BEGIN SUPPLIED INFORMATION
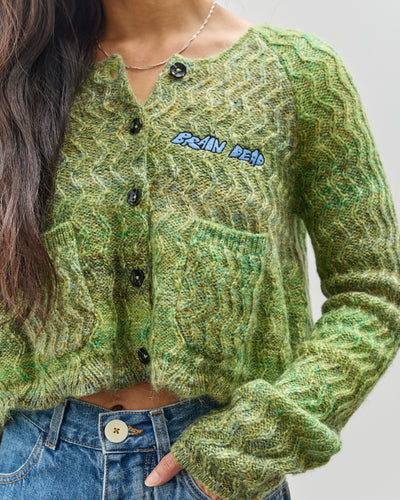 Brain Dead Isa Scalloped Cardigan, Green Multi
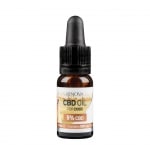 Eine Flasche Renova CBD-Öl 5 % für Hunde (10 ml) auf weißem Hintergrund.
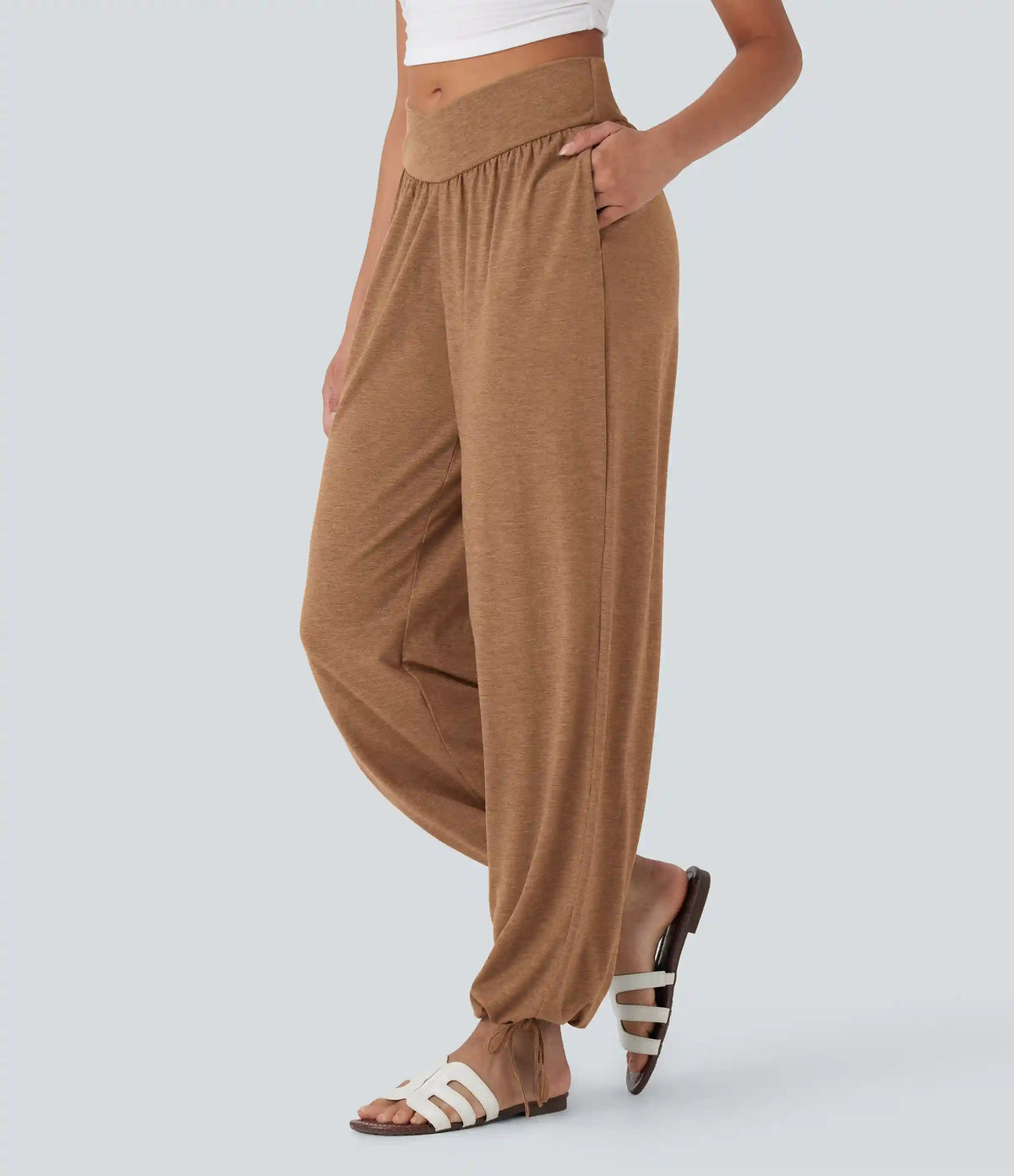 Crossover High Waisted Pocket Drawstring Casual Joggers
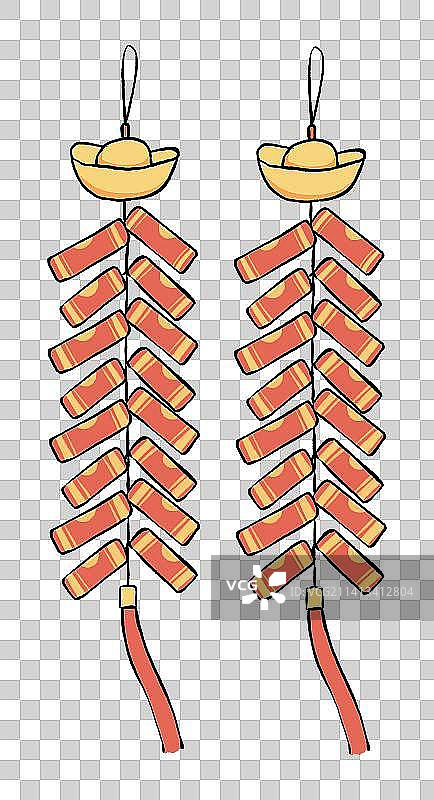 新年除夕春节年货挂件系列福袋灯笼鞭炮摊位图片素材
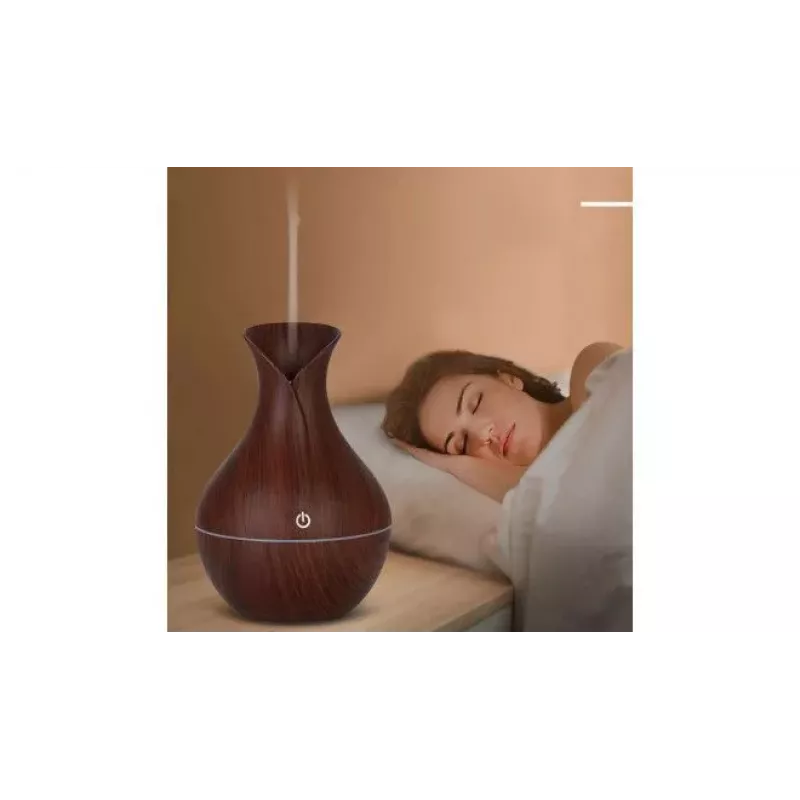 IVY D2 Difusor de Aroma 3 en 1 - Humidificador - Lámpara de Luz Nocturna USB 1,5W 11cm / 300ml Madera Oscura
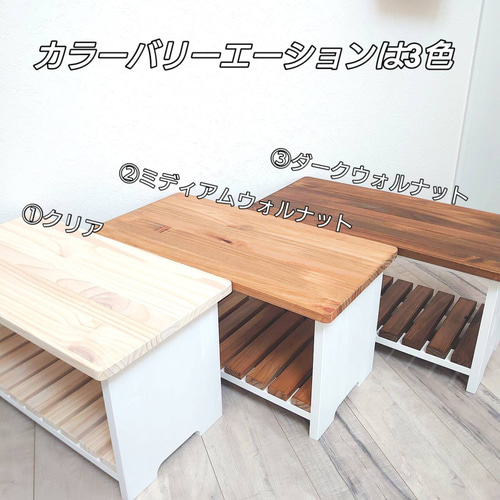 ウッドデッキ風木製2段ラック 木製ラック ブラック 棚 2段ラック ウッドシェルフ 木製棚 収納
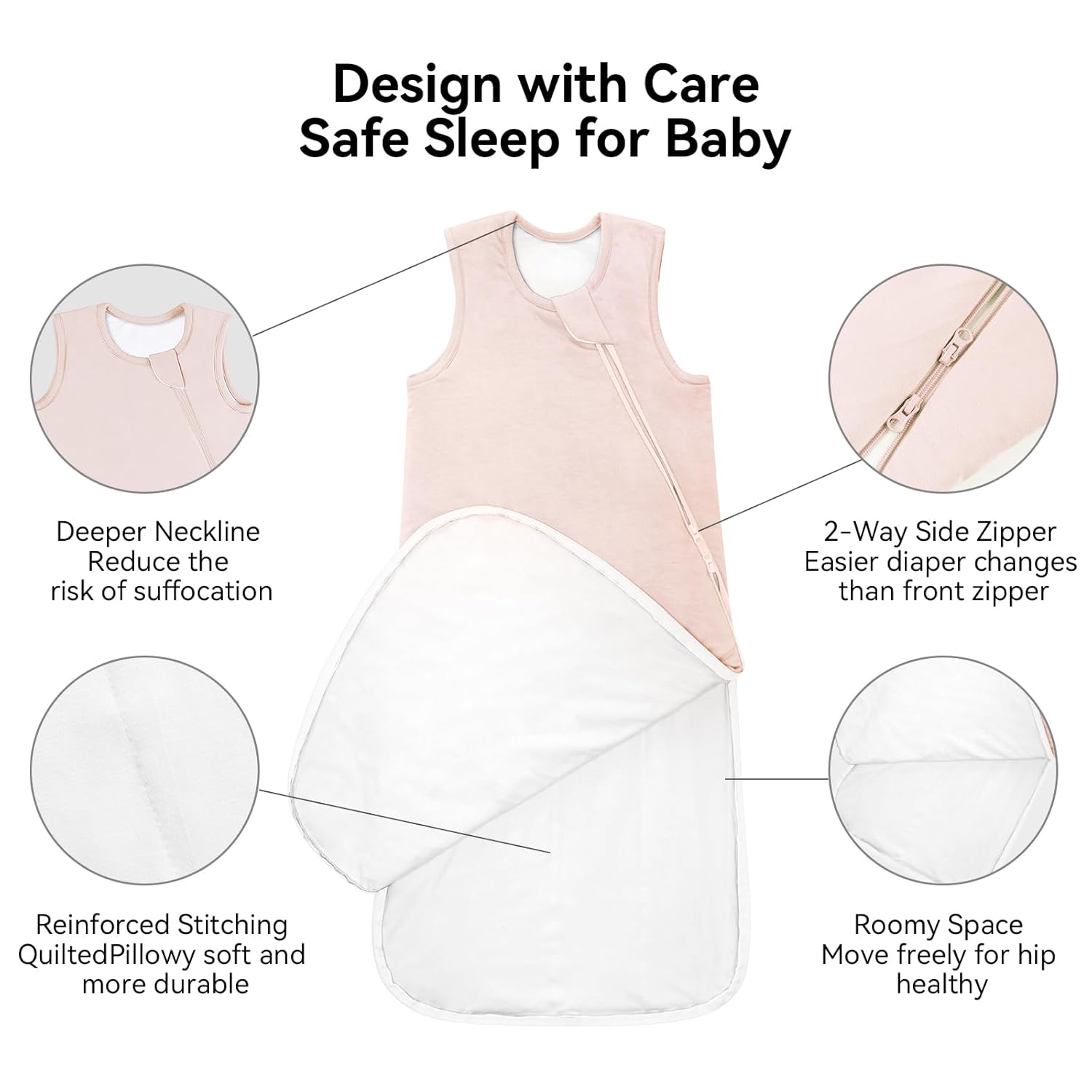 BubblePanda Rayon Made from Bamboo Sleep Sack 2t-3t 0.5 Tog Soft Lightweight Toddler Sleep Sack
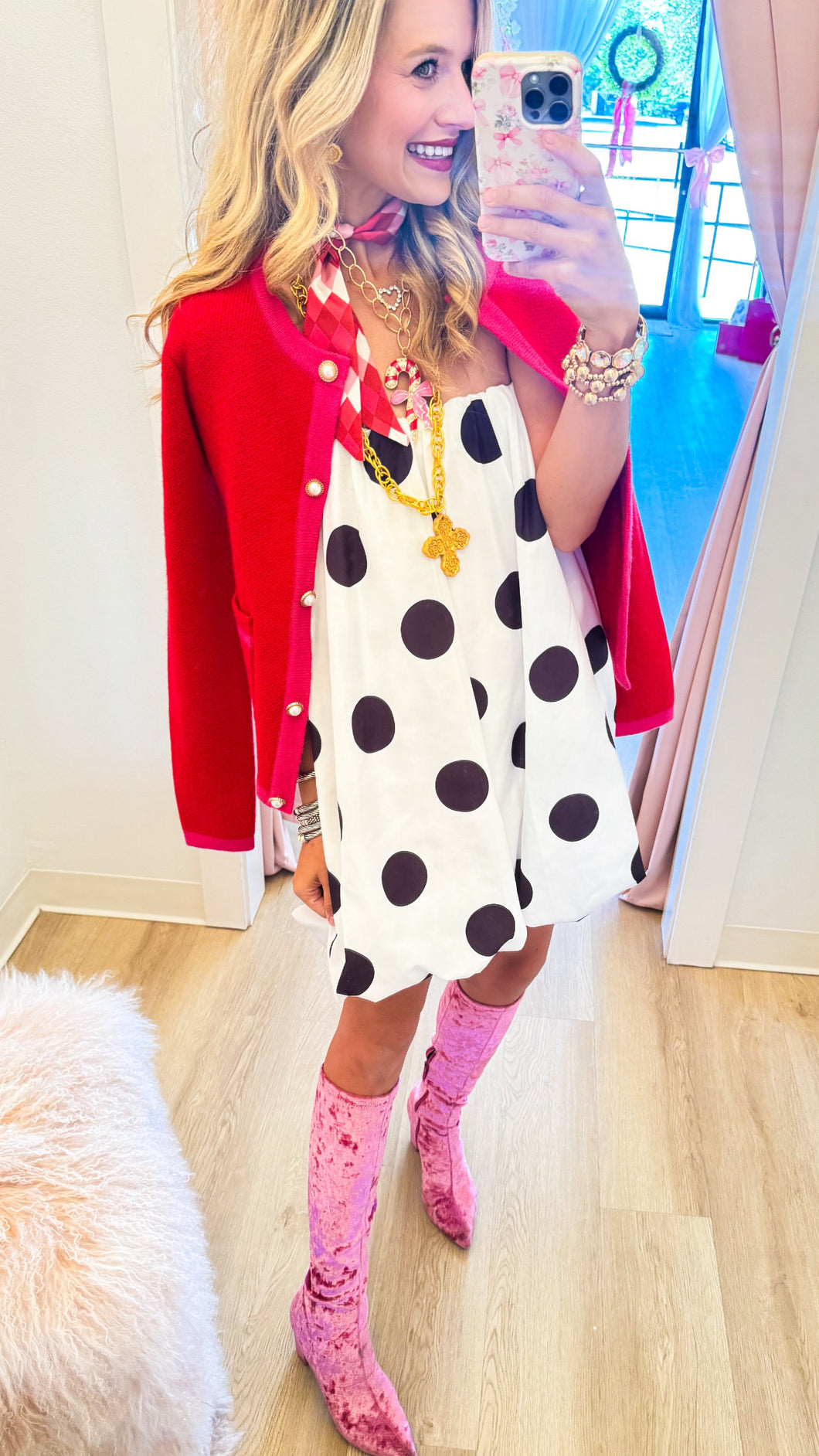 Red Hot Pink Colorblock Cardigan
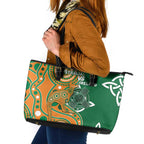 Australia And Ireland Rugby Leather Tote Bag Walllabies And Shamrock Together
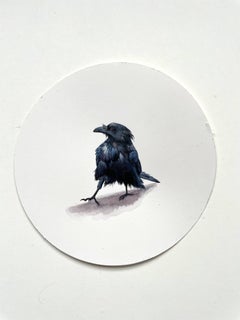 Raven 1, portrait miniature d'oiseau réaliste à la gouache sur papier, 2023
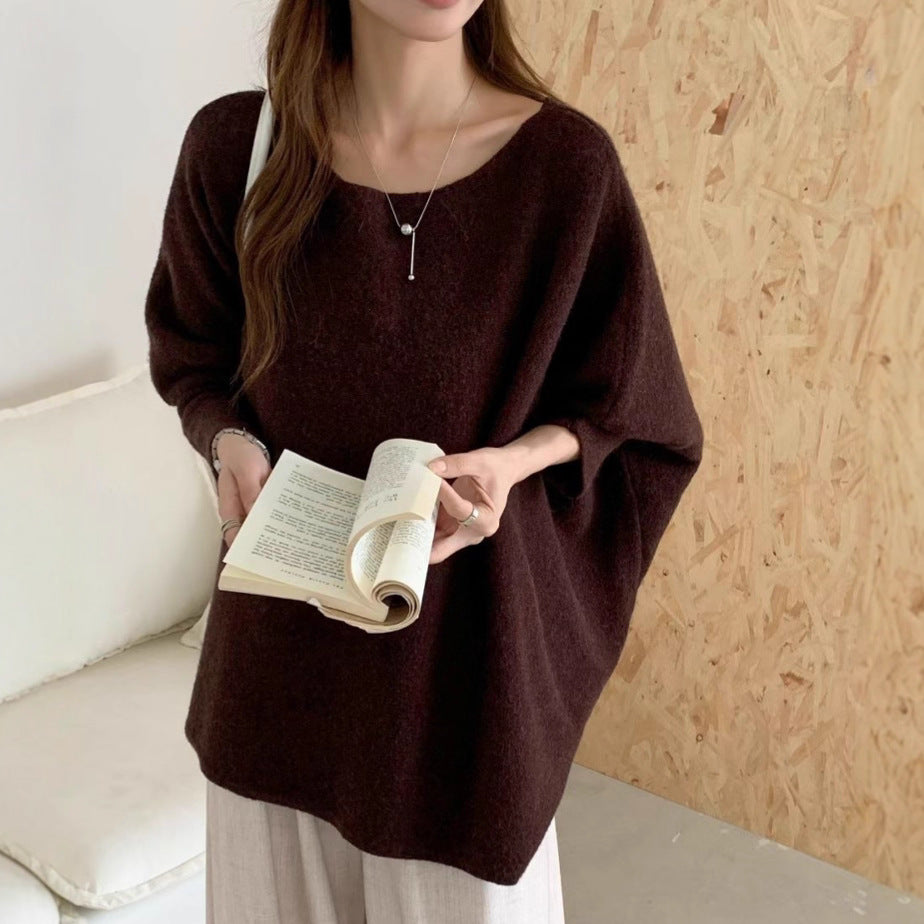 Damen Oversized Pullover mit schickem, weichem Stoff und lässigem Schnitt Drune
END SUPPLIED INFORMATION
◆ TASK GOAL
All of the material above is to be copied exactly, except for its images.

◆ SOLVED EXERCISE
 Brain Dead Isa Scalloped Cardigan, Green Multi
 Eine Flasche Renova CBD-Öl 5 % für Hunde (10 ml) auf weißem Hintergrund.
 Crossover High Waisted Pocket Drawstring Casual Joggers
 新年除夕春节年货挂件系列福袋灯笼鞭炮摊位图片素材
 IVY D2 Difusor de Aroma 3 en 1 - Humidificador - Lámpara de Luz Nocturna USB 1,5W 11cm / 300ml Madera Oscura
 ウッドデッキ風木製2段ラック 木製ラック ブラック 棚 2段ラック ウッドシェルフ 木製棚 収納
 BubblePanda Rayon Made from Bamboo Sleep Sack 2t-3t 0.5 Tog Soft Lightweight Toddler Sleep Sack
 Red Hot Pink Colorblock Cardigan
 Australia And Ireland Rugby Leather Tote Bag Walllabies And Shamrock Together
 Raven 1, portrait miniature d'oiseau réaliste à la gouache sur papier, 2023
 Damen Oversized Pullover mit schickem, weichem Stoff und lässigem Schnitt Drune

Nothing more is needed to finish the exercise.